# Exercise description
Copy all data exactly. Skip pictures.
── Excerpted data ──
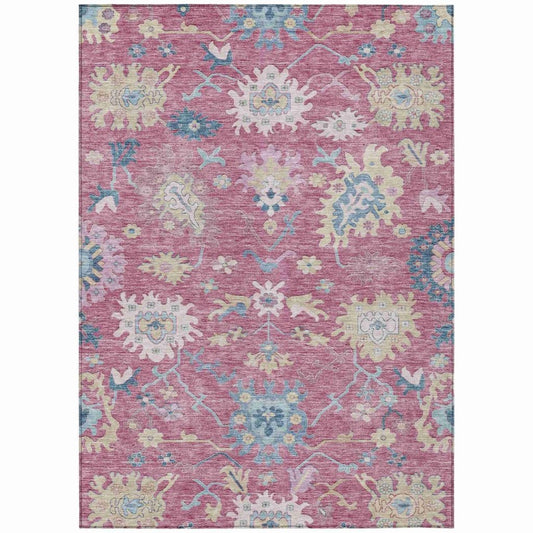 LOOMLAN Rugs Eugene Pink Washable Indoor-Outdoor Rug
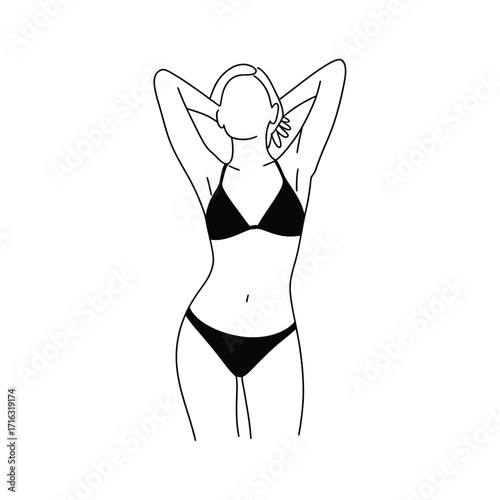 Minimalist line drawing illustration of a woman in bikini vector graphic for scalable eps design silhouette vector illustration white background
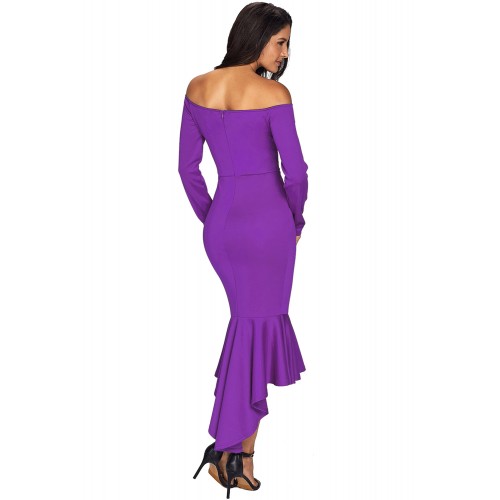 Ultra Violet Off Shoulder Long Sleeve Mermaid Dress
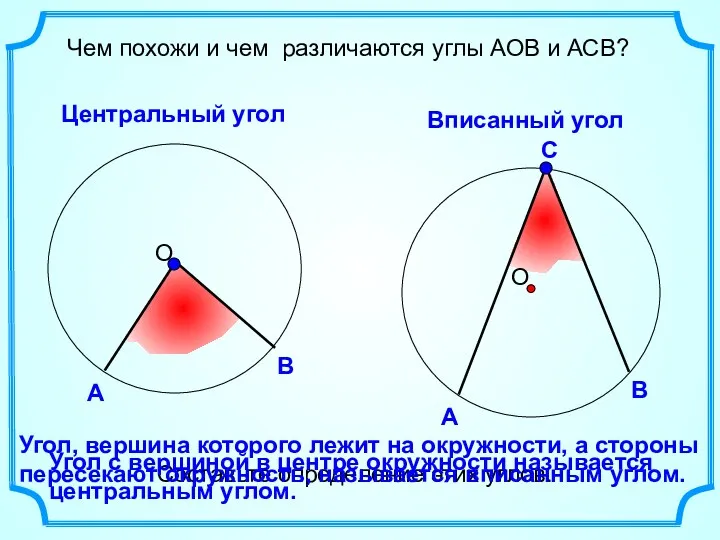 Чем похожи и чем различаются углы АОВ и АСВ? Центральный угол Вписанный угол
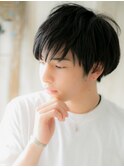 好感度大！アッシュブラック爽やかマッシュヘアW草加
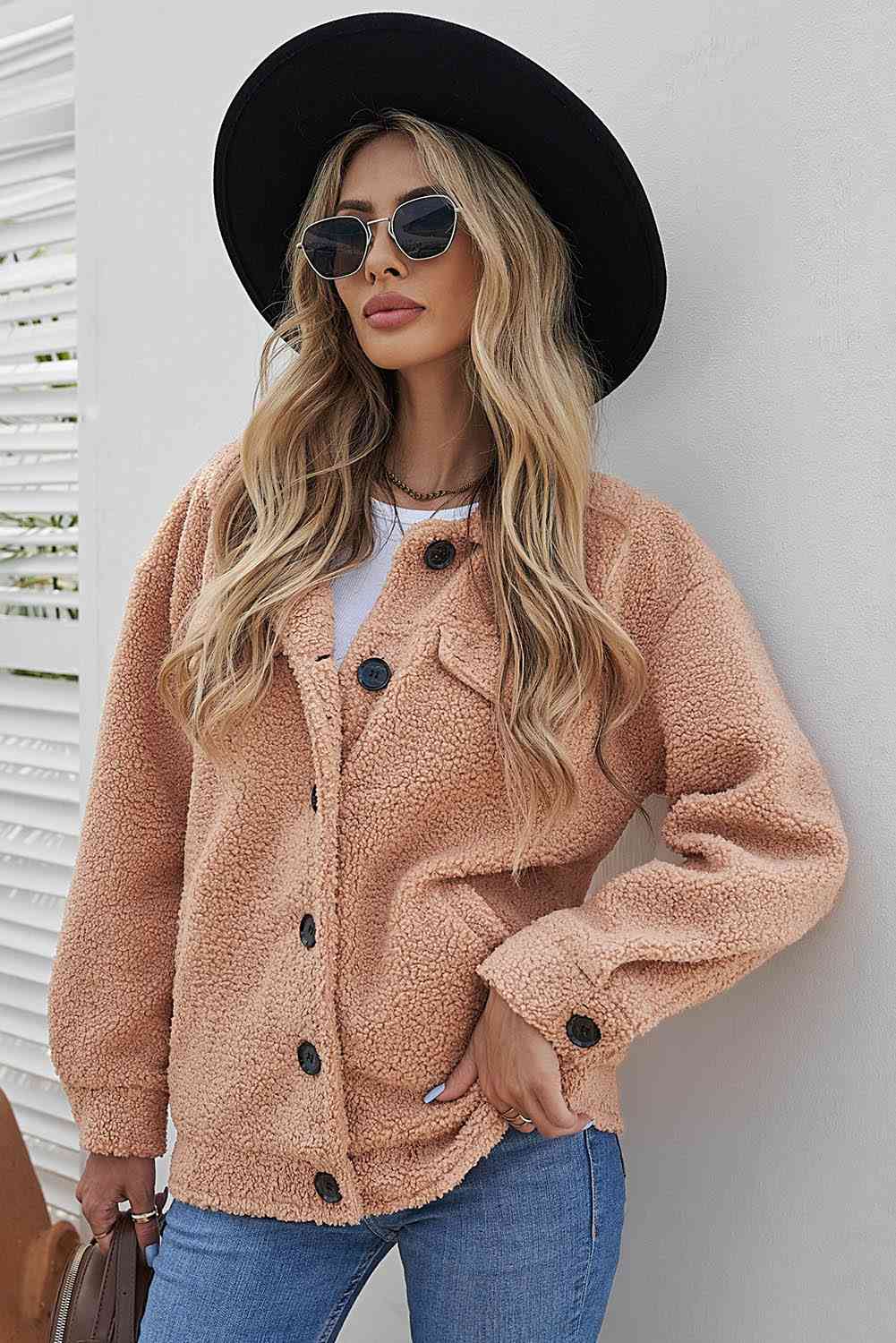 Double Take Button Front Drop Shoulder Collared Sherpa Jacket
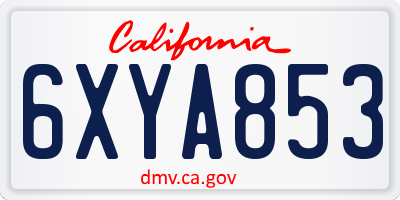 CA license plate 6XYA853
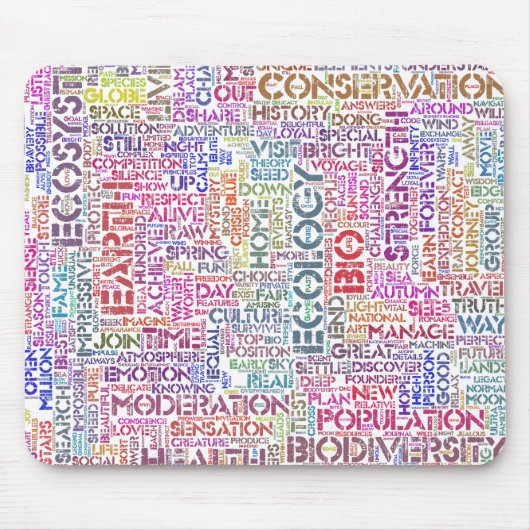 Bio Nuage Mots Tekst Motief Biodiversiteitspatroon Muismat (Voorkant)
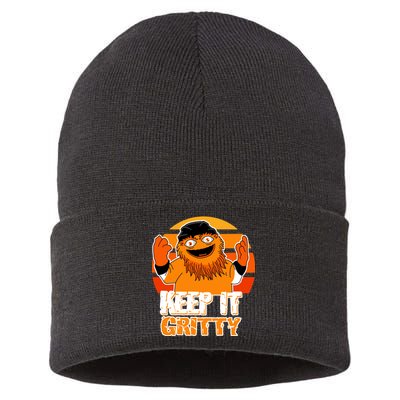 Keep It Gritty Retro Hockey Mascot Sustainable Knit Beanie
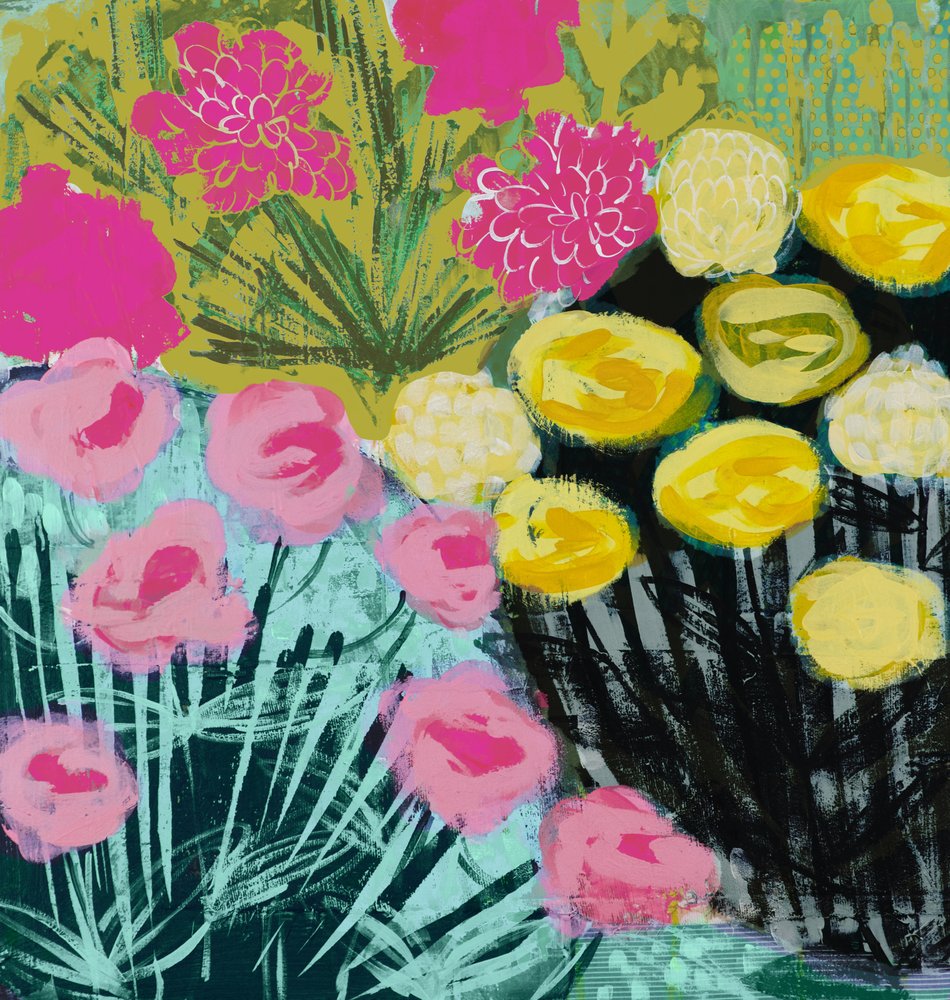 Livlig blomsterabstraksjon av Shelley Hampe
───
# Result of the task
 LOOMLAN Rugs Eugene Pink Washable Indoor-Outdoor Rug
 Minimalist line drawing illustration of a woman in bikini vector graphic for scalable eps design silhouette vector illustration white background
 Ultra Violet Off Shoulder Long Sleeve Mermaid Dress
 Чем похожи и чем различаются углы АОВ и АСВ? Центральный угол Вписанный угол
 好感度大！アッシュブラック爽やかマッシュヘアW草加
 Double Take Button Front Drop Shoulder Collared Sherpa Jacket
 CA license plate 6XYA853
 Bio Nuage Mots Tekst Motief Biodiversiteitspatroon Muismat (Voorkant)
 Keep It Gritty Retro Hockey Mascot Sustainable Knit Beanie
 Livlig blomsterabstraksjon av Shelley Hampe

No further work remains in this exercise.